Note: All Base SAS procedures except PROC PRINT process BY groups independently. PROC PRINT can report the number of observations in each BY group as well as the number of observations in all BY groups. Similarly, PROC PRINT can sum numeric variables in each BY group and across all BY groups.
You can use only one BY statement in each PROC step. When you use a BY statement, the procedure expects an input data set that is sorted by the order of the BY variables or one that has an appropriate index. If your input data set does not meet these criteria, then an error occurs. Either sort it with the SORT procedure or create an appropriate index on the BY variables.
Depending on the order of your data, you might need to use the NOTSORTED or DESCENDING option in the BY statement in the PROC step.
  • For more information about the BY statement, see SAS Statements: Reference.
  • For more information about PROC SORT, see SORT Procedure.
  • For more information about creating indexes, see INDEX CREATE Statement.

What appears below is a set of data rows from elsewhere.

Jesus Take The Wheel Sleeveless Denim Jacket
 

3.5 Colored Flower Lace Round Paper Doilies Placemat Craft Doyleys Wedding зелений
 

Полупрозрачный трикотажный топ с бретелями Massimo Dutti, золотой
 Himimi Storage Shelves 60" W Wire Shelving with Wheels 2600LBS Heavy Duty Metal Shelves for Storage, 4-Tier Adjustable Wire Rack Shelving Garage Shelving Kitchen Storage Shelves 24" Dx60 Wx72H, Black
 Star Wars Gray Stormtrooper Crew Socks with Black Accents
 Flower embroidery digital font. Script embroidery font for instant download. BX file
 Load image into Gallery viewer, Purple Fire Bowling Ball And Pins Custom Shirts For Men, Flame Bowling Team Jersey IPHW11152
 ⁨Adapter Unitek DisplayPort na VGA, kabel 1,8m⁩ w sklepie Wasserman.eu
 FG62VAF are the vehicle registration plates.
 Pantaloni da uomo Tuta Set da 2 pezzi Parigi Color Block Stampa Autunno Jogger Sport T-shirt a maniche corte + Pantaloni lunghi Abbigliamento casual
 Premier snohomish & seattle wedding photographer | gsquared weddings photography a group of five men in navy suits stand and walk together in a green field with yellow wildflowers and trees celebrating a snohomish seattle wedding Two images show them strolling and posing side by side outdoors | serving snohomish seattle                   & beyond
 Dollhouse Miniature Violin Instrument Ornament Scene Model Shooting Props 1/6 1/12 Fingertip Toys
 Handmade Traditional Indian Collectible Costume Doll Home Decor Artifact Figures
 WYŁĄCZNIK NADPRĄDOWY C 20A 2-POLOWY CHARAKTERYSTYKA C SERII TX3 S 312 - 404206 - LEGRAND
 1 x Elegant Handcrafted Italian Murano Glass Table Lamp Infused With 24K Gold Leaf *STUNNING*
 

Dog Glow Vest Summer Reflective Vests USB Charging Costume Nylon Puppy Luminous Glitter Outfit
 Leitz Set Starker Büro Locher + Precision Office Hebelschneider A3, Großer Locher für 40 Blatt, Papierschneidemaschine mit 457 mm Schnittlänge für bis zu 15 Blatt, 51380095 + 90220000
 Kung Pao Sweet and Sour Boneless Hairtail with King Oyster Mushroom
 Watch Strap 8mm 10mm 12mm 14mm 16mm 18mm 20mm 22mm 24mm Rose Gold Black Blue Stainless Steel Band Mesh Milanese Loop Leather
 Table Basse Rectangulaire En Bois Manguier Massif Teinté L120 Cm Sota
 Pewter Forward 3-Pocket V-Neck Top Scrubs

Formatting BY-Variable Values

When a procedure is submitted with a BY statement, the following actions are taken with respect to processing of BY groups:
  1. The procedure determines whether the data is sorted by the internal (unformatted) values of the BY variable(s).
  2. The procedure determines whether a format has been applied to the BY variable(s). If the BY variable is numeric and has no user-applied format, then the BEST12. format is applied for the purpose of BY-group processing.
  3. The procedure continues adding observations to the current BY group until both the internal and the formatted values of the BY variable or variables change.
This process can have unexpected results if, for example, nonconsecutive internal BY values share the same formatted value. In this case, the formatted value is represented in different BY groups. Alternatively, if different consecutive internal BY values share the same formatted value, then these observations are grouped into the same BY group.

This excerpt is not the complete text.